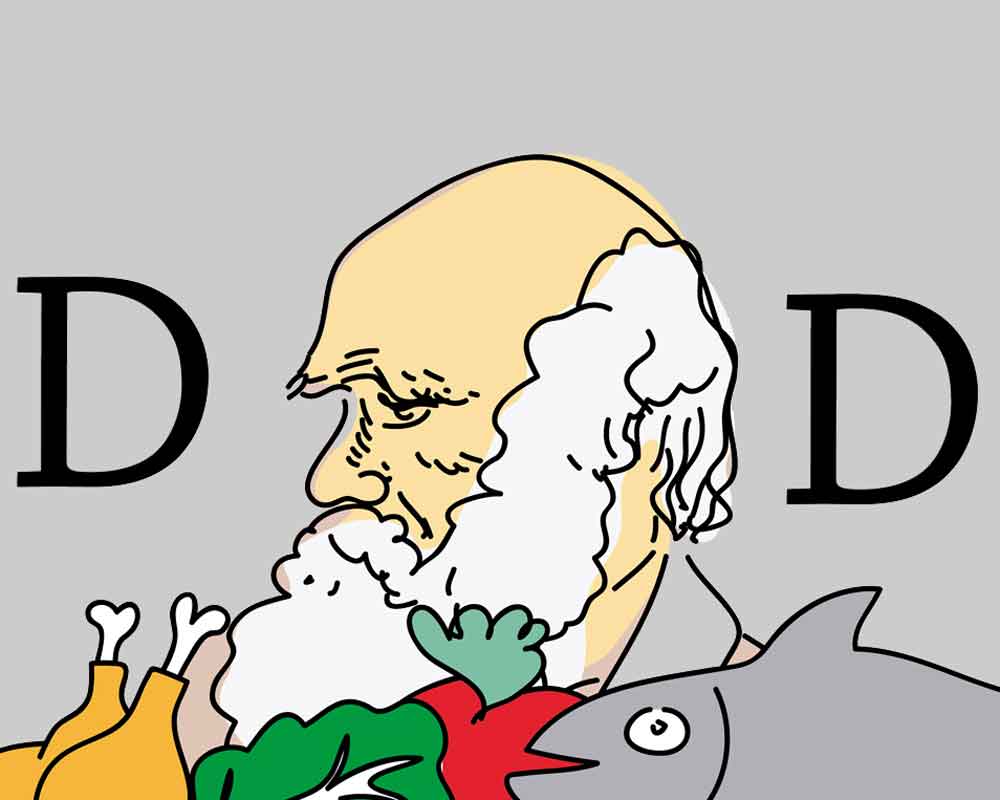 Dieta Darwin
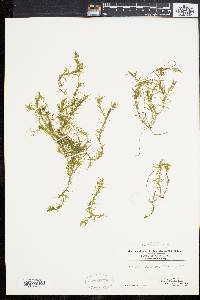 Elodea nuttallii image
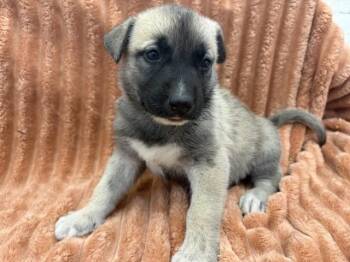 CHEYENNE -  Pit Bull Terrier Dog for Adoption in San Bernardino, California - CHEYENNE | PetCurious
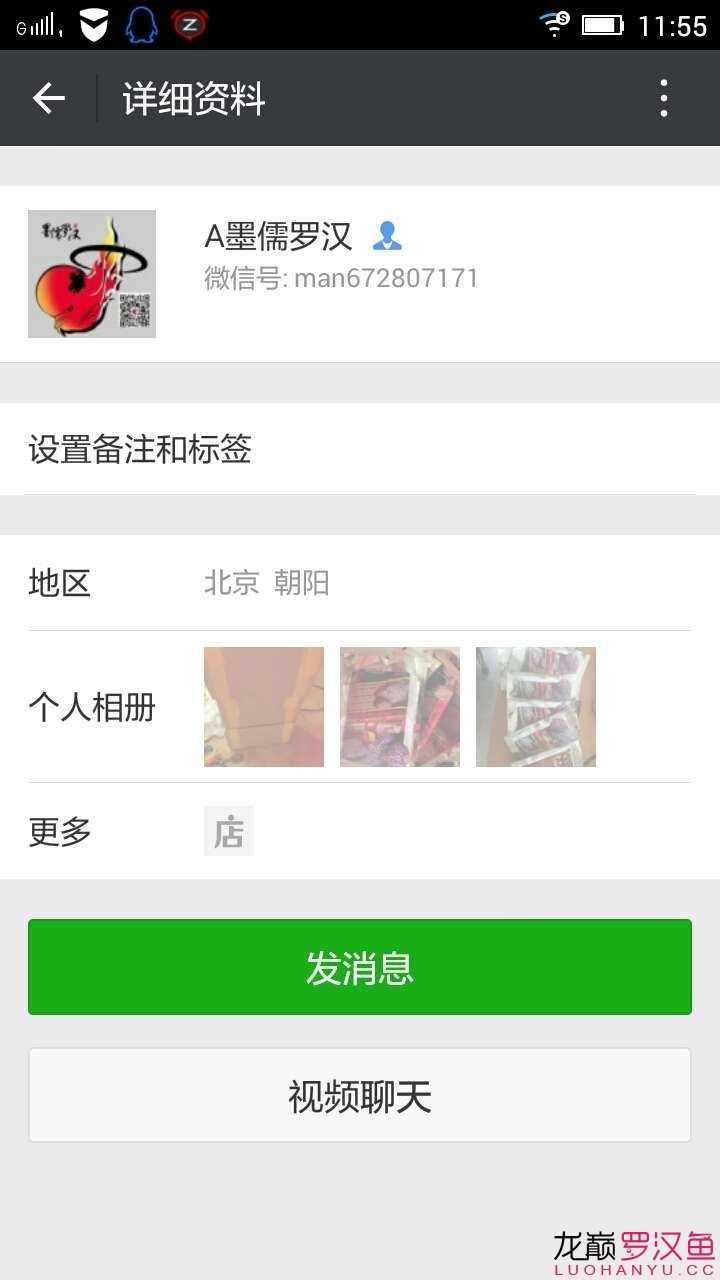 墨儒羅漢小魚缸我是這樣養羅漢的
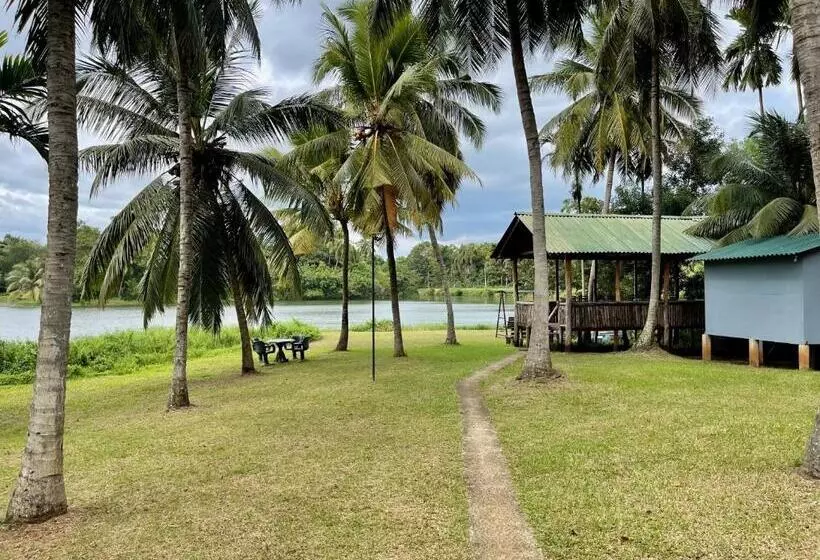 Yonan River Face Safari Resort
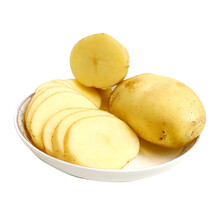 山东特产黄皮土豆新鲜荷兰土豆马铃薯 3 /5 /9斤新鲜蔬菜洋芋时令中大果 净重 9斤大果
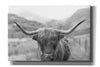 'Scottish Highland Cattle III Neutral Crop' by Alan Majchrowicz,Giclee Canvas Wall Art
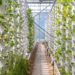 Modern Agriculture Methods To Boost Crop Productivity
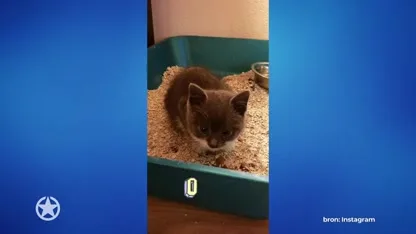 Fien Vermeulen verwelkomt nieuw familielid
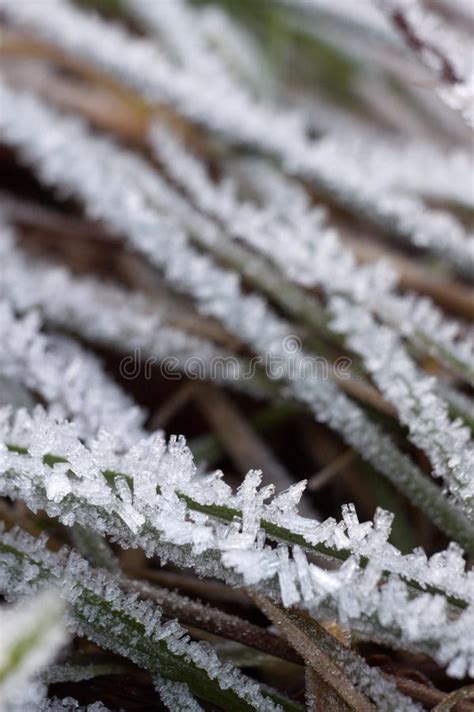 Frost/ice on Grass, Macro Image Stock Image - Image of bokeh, detail: 142085397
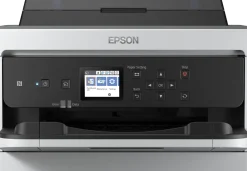 Bläckpatron EPSON T01D1 XXL Svart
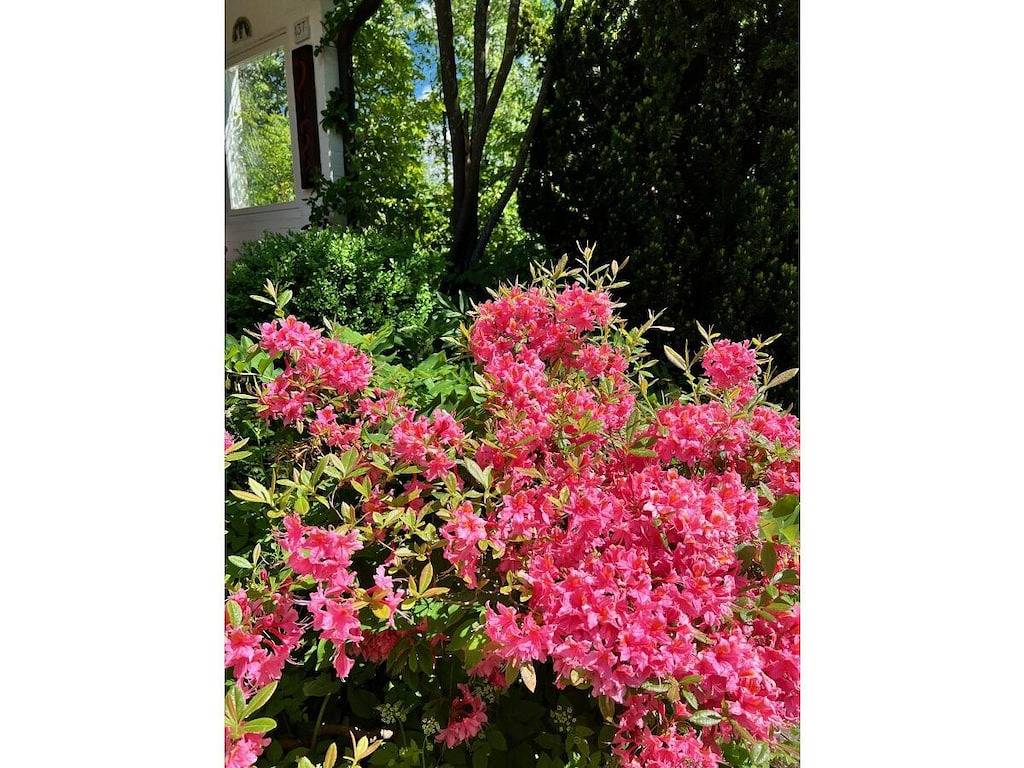 Casa de vacaciones con 4 dormitorios in Braunlage, Harzvorland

|---|

## Work to be completed
Please repeat the listing above word for word, with the pictures removed.

## Your solution
 Dieta Darwin
 Elodea nuttallii image
 CHEYENNE -  Pit Bull Terrier Dog for Adoption in San Bernardino, California - CHEYENNE | PetCurious
 墨儒羅漢小魚缸我是這樣養羅漢的
 Yonan River Face Safari Resort
 山东特产黄皮土豆新鲜荷兰土豆马铃薯 3 /5 /9斤新鲜蔬菜洋芋时令中大果 净重 9斤大果
 'Scottish Highland Cattle III Neutral Crop' by Alan Majchrowicz,Giclee Canvas Wall Art
 Modern Agriculture Methods To Boost Crop Productivity
 Fien Vermeulen verwelkomt nieuw familielid
 Frost/ice on Grass, Macro Image Stock Image - Image of bokeh, detail: 142085397
 Bläckpatron EPSON T01D1 XXL Svart
 Casa de vacaciones con 4 dormitorios in Braunlage, Harzvorland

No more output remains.